_Problem_
The lines needed run from the one that contains "Photo of 118" through the end of the material below, both included; write them out exactly, with no pictures.

[Material provided]

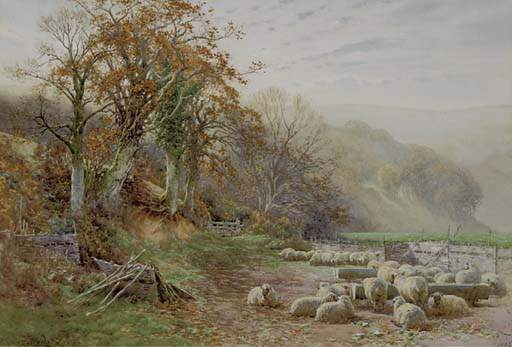 Sheep Resting In The Sunshine — Charles James Adams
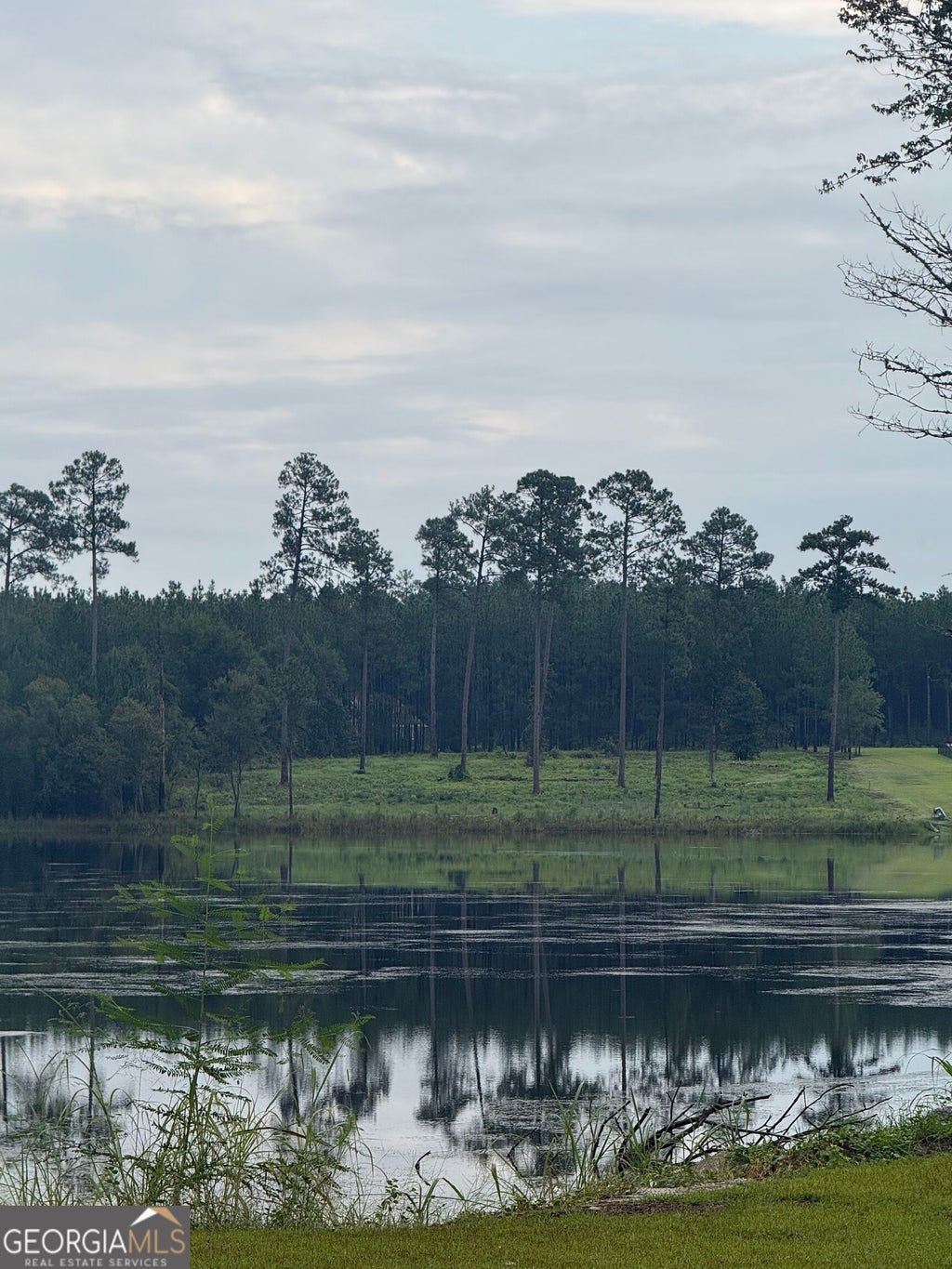 Photo of 118 East Lake Dr, Statesboro, GA 30458 (MLS # 10835716)
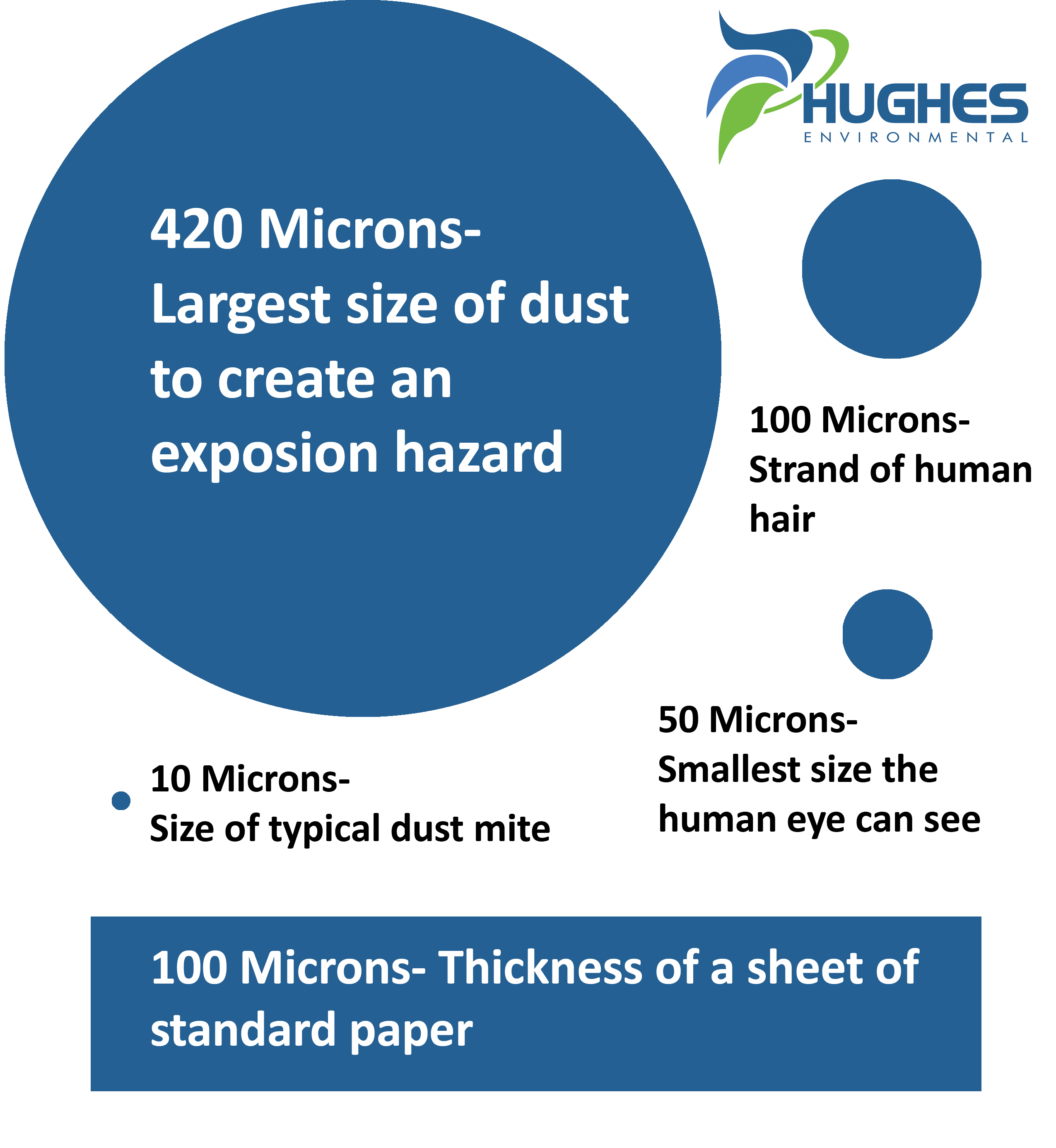 Dust Mite Size Comparison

[/Material provided]

_Response to the exercise_
 Photo of 118 East Lake Dr, Statesboro, GA 30458 (MLS # 10835716)
 Dust Mite Size Comparison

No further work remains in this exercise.